OCR's Secret Weapon: How a Domain Lexicon Upgrades Text Recognition

Third in our OCR series — after the practitioner's guide and the case study on confidence scoring.

An OCR engine looks at a shape and guesses which character it is. When the script is clean, the guess is easy. When it's faded Hebrew handwriting, a rabbinical abbreviation, or a place name that has vanished from the map — the guess collapses. This is where the least-discussed, most-impactful tool comes in: the domain lexicon. This post explains what it is, how to build one, and how it turns a mediocre engine into an accurate system.

Why a good OCR engine isn't enough

Modern OCR engines ship with a general language model that helps them "guess right" from context. The problem: that general model was trained on everyday text, not on your material. It knows "shalom" is a common word — but it has never seen a rare surname, the nickname of an Eastern European shtetl, a halachic term, or a professional acronym. And it's precisely in those words — the rare, the unique — that the historical value lives, and precisely there that the general engine fails most.

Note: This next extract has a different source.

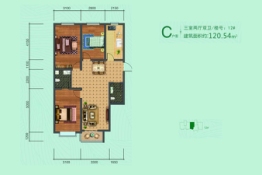 迎宾花园3室2厅1厨2卫建面120.54㎡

A domain lexicon closes that gap. It hands the system a list of the words actually expected in the material — turning a blind guess into a choice among plausible candidates.

What goes into a domain lexicon

A domain lexicon isn't a "dictionary" in the ordinary sense. It's a focused collection of the linguistic units that characterize one specific archive:

  • First and family names — including spelling variants and transliteration corruptions.
  • Place names — towns, streets, districts, sometimes under historical names no longer in use.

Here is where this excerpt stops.